La sphère de bois est tracée à l'aide d'un laser, dans le but d'en retirer un quartier.
Traçage de la sphère au moyen d’un laser, avec l’intention d’en retirer le quart du volume.

On peut se laisser entraîner dans les amalgames, à force de jouxter tel élément contre tel autre, l’un et l’autre commandant quand même audace et contrôle, dans un dosage aussi audacieux que contrôlé. Est-ce qu’un objet s’enrichit invariablement lorsqu’il gagne en complexité? Vaut-il mieux commencer une nouvelle sculpture plutôt que de foncer par additions, dans un assemblage fait de choses disparates? Fort heureusement, il n’existe pas de réponse toute faite.

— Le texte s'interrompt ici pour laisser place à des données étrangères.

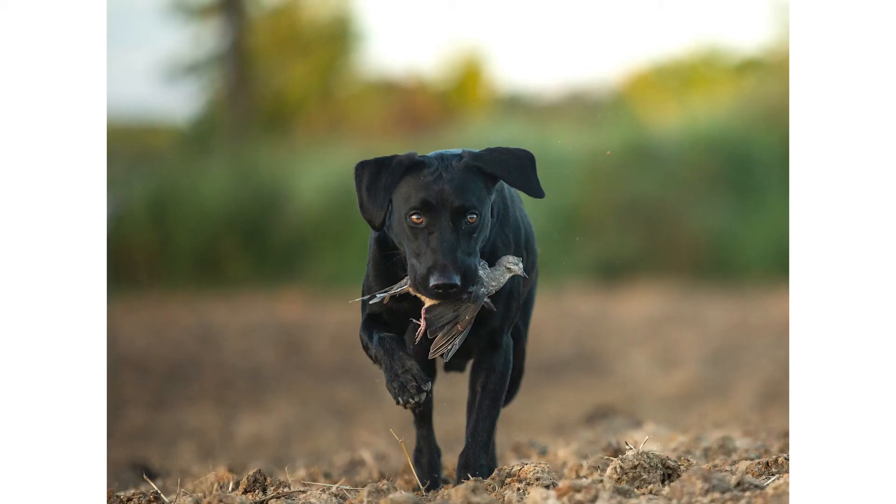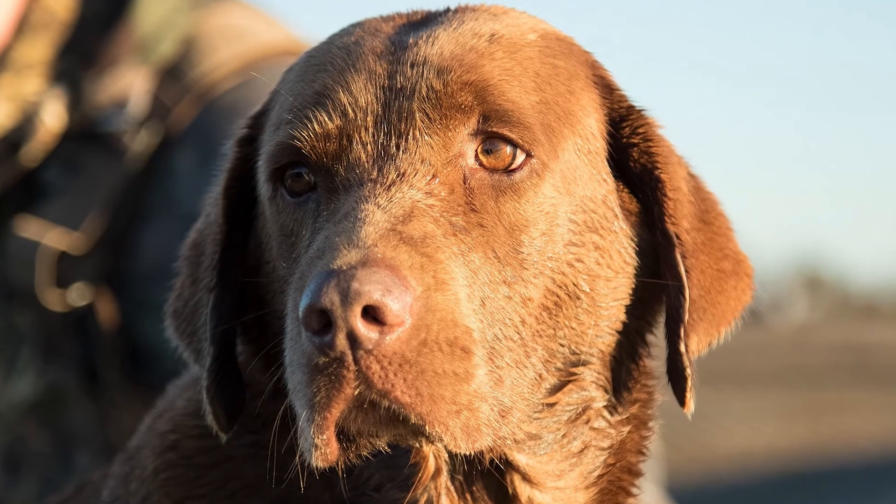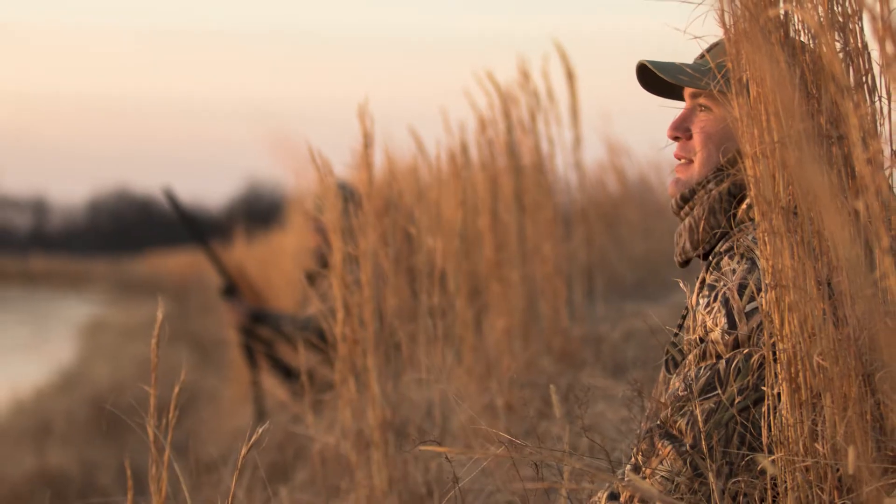Tip number three — and this is kind of cliché — is to shoot too many photos. Shooting too many photos allows you to come home, pick through the very best ones, and not have to worry about only taking two pictures of a lake that just don't look very good. I've done that in the past — I'd take just a few photos, come home, and it's not quite the photo I wanted.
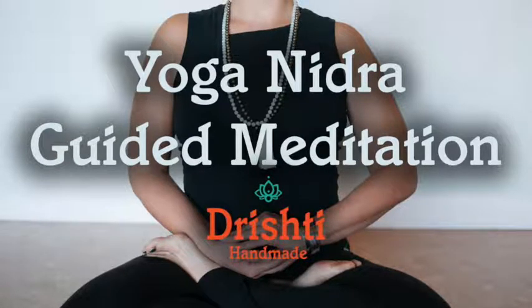As we move through Yoga Nidra, pay attention to the sound of my voice. If your mind starts to wander, that's okay — just bring it back. Now we begin the practice of Yoga Nidra. Repeat to yourself: I am practicing Yoga Nidra. I am awake and I am completely relaxed.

Un vieux miroir de surveillance comme on en trouvait autrefois dans les magasins.

Mon intérêt pour les sphères me suit toujours au quotidien, alors que je me demande ce que je pourrais faire tourner ou qu’est-ce qui serait déjà rond mais inachevé, d’un certain point de vue. Provenant d’une autre procure de matériaux recyclés, j’avais en mains un miroir de magasin en plastique acheté il y a de cela quelques années, simplement en raison de sa forme ronde. D’un diamètre de 19 pouces, il allait servir à son tour de matrice, j’allais y couler du béton. Ce n’est pas tant le miroir qui subsiste au bout des courses, mais sa forme. Même de diamètres différents, les sphères sont toujours compatibles et s’ajustent apparemment l’une dans l’autre ou en continuité, comme des yeux dans des orbites ou quelque autre élément de mécanique. On y discerne des oscillements virtuels, sans compter le balancement de la sculpture dans son appui au sol.

Ayant la forme d'une sphère, le vieux miroir est utilisé pour fabriquer un coffrage, dans lequel je vais couler du béton.

La sculpture terminée, étant composée d'un quart de sphère en béton, complété par les trois quarts d'une sphère. Arrimée par-dessus, une portion de fût de chêne.
Visa l’un, tua l’autre 2025
Douves de tonneau (chêne blanc), pin rouge, béton
48 x 38 x 70 cm.

La sculpture terminée, étant composée d'un quart de sphère en béton, complété par les trois quarts d'une sphère. Arrimée par-dessus, une portion de fût de chêne.
Visa l’un, tua l’autre 2025
Douves de tonneau (chêne blanc), pin rouge, béton
48 x 38 x 70 cm.

Ajoutons un élément important. Dès qu’une sculpture repose sur une base arrondie, son rapport au sol devient tout à coup très fébrile, à la merci de son centre de gravité. Une œuvre a beau s’être échafaudée sur des semaines de labeur et de préparation, dès qu’elle présente une forme asymétrique, nul ne sait quelle sera sa posture lorsque je vais la harnacher au berceau. C’est un peu ce que dit le titre, comme quoi les choses arrivent par elles-mêmes.